Bereiche, in denen die Parkraumnachfrage so hoch ist, dass sichtbehindernder ruhender Verkehr nicht weitgehend auf das Umfeld verlagert werden kann, sind für Shared Space und Begegnungszonen ungeeignet.

12. Verkehrsabwicklung und –kapazität

Knotenpunkte, die aktuell bereits Überlastungen zeigen, sind – sofern keine Änderung der Grundform des Knotenpunktes erfolgt – nicht für Shared Space und Begegnungszonen geeignet.
Darüber hinaus sollten derartige Projekte im Allgemeinen nur in Bereichen durchgeführt werden, in denen auf Lichtsignalanlagen verzichtet werden kann.

13. Verkehrssicherheit

Shared Space und Begegnungszonen sind bislang nicht zur Beseitigung von Unfallhäufungsstellen eingesetzt worden. Zahlreiche umgesetzte Projekte zeigen aber, dass die Verkehrssicherheit wegen geringer Geschwindigkeiten im Kraftfahrzeugverkehr und hoher gegenseitiger Rücksichtnahme groß ist. Ob sich ein Straßenabschnitt mit Unfallhäufungen für Shared Space und Begegnungszonen eignet, muss jedoch im Einzelfall geprüft werden.

Sonstiges

14. Länge des Bereiches

Die maximale Ausdehnung von Shared Space-Bereichen bzw. Begegnungszonen liegt grundsätzlich bei 800 m (Ausnahme: Bereiche mit Straßenbahn- und Linienbusführung – s. Ziffer 9 und 10). Von Kraftfahrzeugen sind die Bereiche somit bei einer Geschwindigkeit von 20-30 km/h in etwa 2 Minuten zu durchfahren.
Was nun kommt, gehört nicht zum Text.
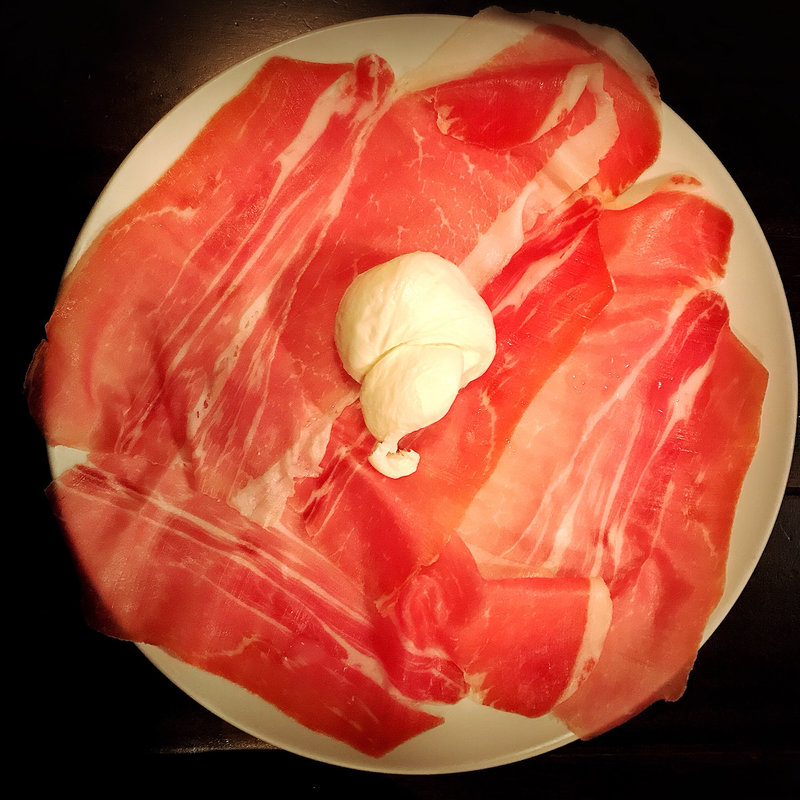 プロシュット エ モッツァレッラ(聖林館)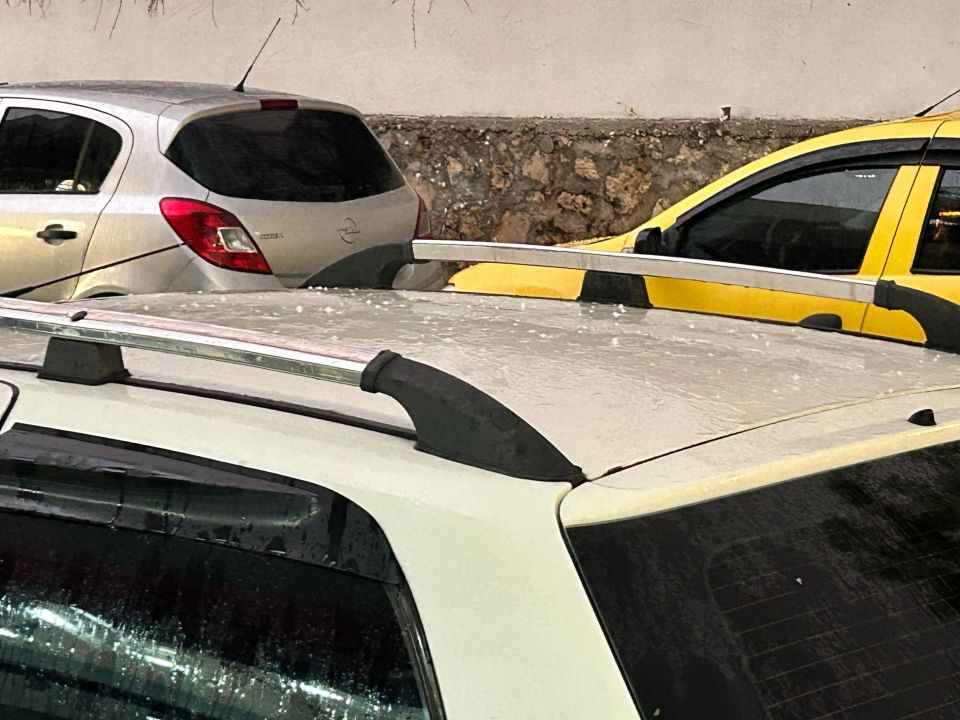 Antalya'da Kısa Süreli Dolu Yağdı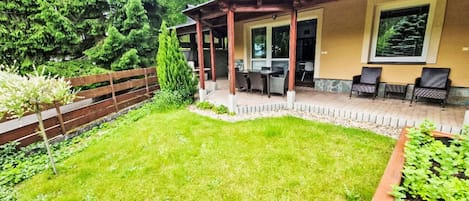 Jardin, Domicile, Pelouse, ArriÚre-Cour, Cour, Aménagement Paysager, Chalet, Biens, Ombre, Cour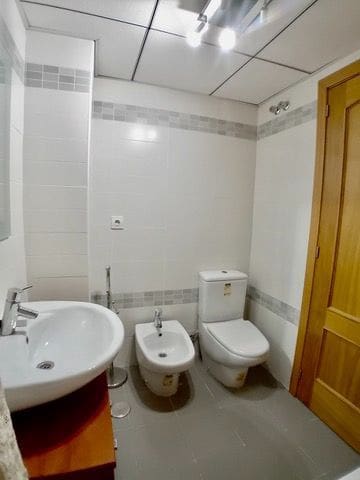 2 soveværelse Lejlighed til salg i Alicante by med swimmingpool garage - € 372.000 (Ref: 9537239)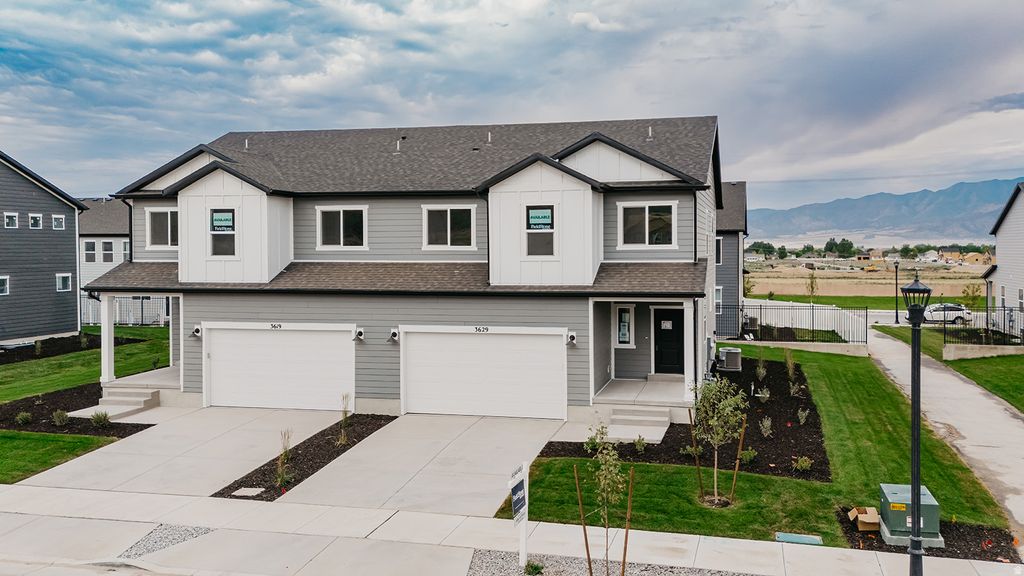 Photo of 3629 N OAK BLVD #335, Eagle Mountain, UT 84005 (MLS # 2124554)
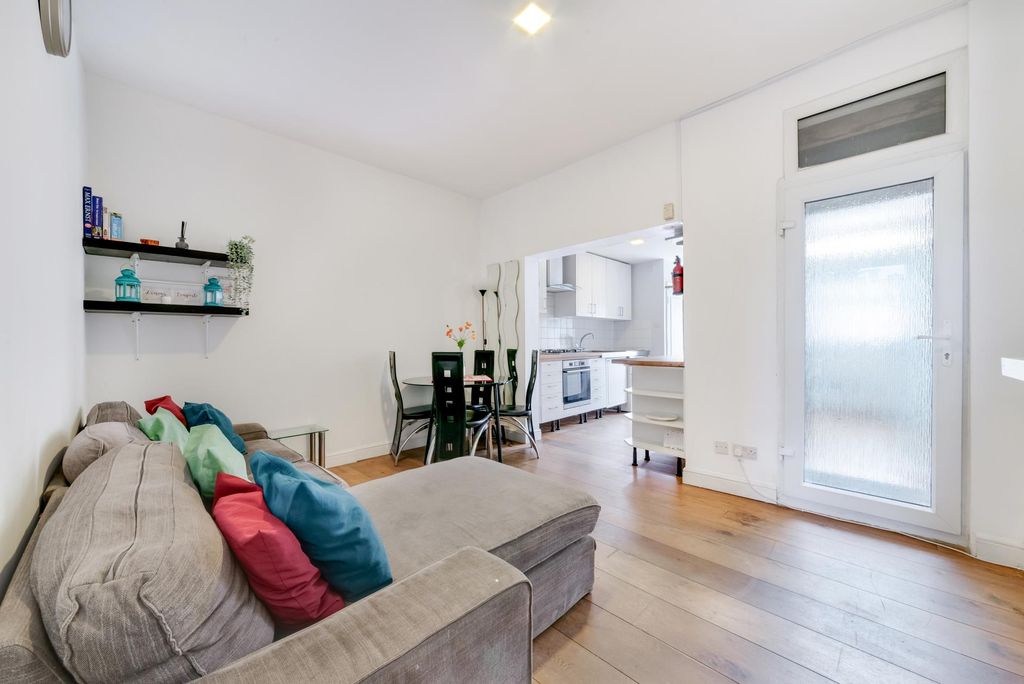 Property photo 2 of 15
15. Öffentliche Einrichtungen mit hohem Aufenthaltsanspruch

Bereiche, in denen sich Grundschulen, Seniorenheime oder ähnliche öffentliche Einrichtungen befinden, und die daher in einem besonderen Umfang von mobilitätseingeschränkten Personen oder Kindern genutzt werden, sollten in der Einführungsphase als Standorte für entsprechende Projekte ausgeschlossen werden. Es wird empfohlen, weitere Erfahrungen hinsichtlich dieser Einrichtungen und Shared Space bzw. Begegnungszonen abzuwarten.

16. Öffentliche Einrichtungen mit besonderem verkehrlichen Anspruch

Standorte, an denen öffentliche Einrichtungen mit besonderem verkehrlichen Anspruch, wie z.B. Feuerwehr, Polizei oder Krankenhaus, vorkommen, sind eher ungeeignet für Shared Space und Begegnungszonen, es sei denn, es gibt alternative Routen.

17. Temporäre Nutzungen mit hohem Verkehrsaufkommen

Temporäre Nutzungen mit hohem Verkehrsaufkommen (z.B. Wochenmarkt) schließen die Einrichtung von Shared Space und Begegnungszonen nicht aus, sofern eine sichere und leistungsfähige Verkehrsabwicklung gewährleistet ist.

18. Außengastronomie

Standorte mit Außengastronomie passen grundsätzlich gut in das Konzept von Shared Space und Begegnungszonen, weil sie Straßen bzw. Plätze beleben und der Kommunikation dienen. Es muss jedoch beachtet werden, dass sie einen gewissen Raumbedarf haben und nicht als Hindernisse – vor allem für mobilitätseingeschränkte Personen – wirken dürfen.